What you have to do
The response must consist of the lines below from the one with "Ed Hardy Flame" through the one with "Sanskriti Sankriti Vintage", exactly as they appear and with both ends kept.

Records provided
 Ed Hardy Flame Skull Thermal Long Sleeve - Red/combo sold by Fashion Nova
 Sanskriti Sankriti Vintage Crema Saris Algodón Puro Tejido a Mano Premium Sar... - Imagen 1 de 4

* * *

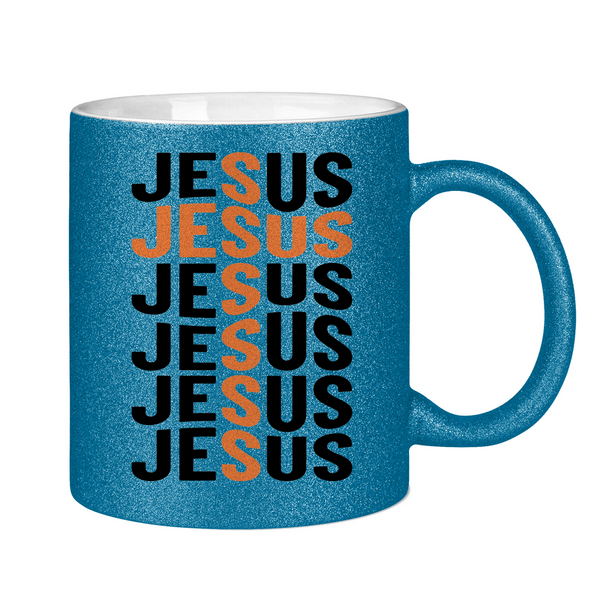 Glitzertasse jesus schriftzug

Output of the task
 Ed Hardy Flame Skull Thermal Long Sleeve - Red/combo sold by Fashion Nova
 Sanskriti Sankriti Vintage Crema Saris Algodón Puro Tejido a Mano Premium Sar... - Imagen 1 de 4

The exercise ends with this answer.